● Work to complete: No line before the one containing "Calfskin Y Quilted" is to be output; retype exactly that line and all lines that follow it to the end of the records.

● Source material:
#####

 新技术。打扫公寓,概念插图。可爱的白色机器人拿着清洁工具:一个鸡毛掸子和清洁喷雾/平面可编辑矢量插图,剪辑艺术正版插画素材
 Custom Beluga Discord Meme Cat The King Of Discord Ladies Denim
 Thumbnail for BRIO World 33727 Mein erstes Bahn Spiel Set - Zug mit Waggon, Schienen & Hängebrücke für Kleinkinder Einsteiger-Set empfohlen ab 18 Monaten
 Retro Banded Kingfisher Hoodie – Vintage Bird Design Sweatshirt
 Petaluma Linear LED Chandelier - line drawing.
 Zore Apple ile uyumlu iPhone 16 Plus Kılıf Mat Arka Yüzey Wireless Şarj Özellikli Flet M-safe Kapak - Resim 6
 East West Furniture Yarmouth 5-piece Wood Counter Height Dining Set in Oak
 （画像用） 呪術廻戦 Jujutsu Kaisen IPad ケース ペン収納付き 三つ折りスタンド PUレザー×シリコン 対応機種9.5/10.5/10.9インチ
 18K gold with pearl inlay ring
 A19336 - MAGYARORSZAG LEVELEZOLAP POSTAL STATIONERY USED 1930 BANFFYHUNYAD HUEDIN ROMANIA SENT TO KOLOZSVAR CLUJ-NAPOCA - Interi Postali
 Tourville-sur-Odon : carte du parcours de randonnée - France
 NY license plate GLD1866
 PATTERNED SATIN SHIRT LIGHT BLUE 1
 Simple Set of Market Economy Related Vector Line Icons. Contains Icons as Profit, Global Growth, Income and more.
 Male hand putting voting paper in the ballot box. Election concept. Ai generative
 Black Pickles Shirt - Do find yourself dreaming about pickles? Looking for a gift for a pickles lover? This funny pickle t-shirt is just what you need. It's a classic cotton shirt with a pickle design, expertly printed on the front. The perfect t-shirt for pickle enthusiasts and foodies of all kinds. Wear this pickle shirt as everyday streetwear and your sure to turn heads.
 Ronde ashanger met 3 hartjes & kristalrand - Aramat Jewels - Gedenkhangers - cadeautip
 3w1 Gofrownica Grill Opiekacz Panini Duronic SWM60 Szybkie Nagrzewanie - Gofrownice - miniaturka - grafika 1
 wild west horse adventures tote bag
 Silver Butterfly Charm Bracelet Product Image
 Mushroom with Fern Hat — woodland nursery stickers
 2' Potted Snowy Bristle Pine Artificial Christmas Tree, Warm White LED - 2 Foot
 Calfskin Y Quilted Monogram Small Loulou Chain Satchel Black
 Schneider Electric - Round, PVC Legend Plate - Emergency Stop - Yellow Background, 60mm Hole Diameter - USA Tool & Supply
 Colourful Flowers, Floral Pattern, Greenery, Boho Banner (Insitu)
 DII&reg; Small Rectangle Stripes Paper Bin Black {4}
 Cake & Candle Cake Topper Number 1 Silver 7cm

#####

● Your solution:
 Calfskin Y Quilted Monogram Small Loulou Chain Satchel Black
 Schneider Electric - Round, PVC Legend Plate - Emergency Stop - Yellow Background, 60mm Hole Diameter - USA Tool & Supply
 Colourful Flowers, Floral Pattern, Greenery, Boho Banner (Insitu)
 DII&reg; Small Rectangle Stripes Paper Bin Black {4}
 Cake & Candle Cake Topper Number 1 Silver 7cm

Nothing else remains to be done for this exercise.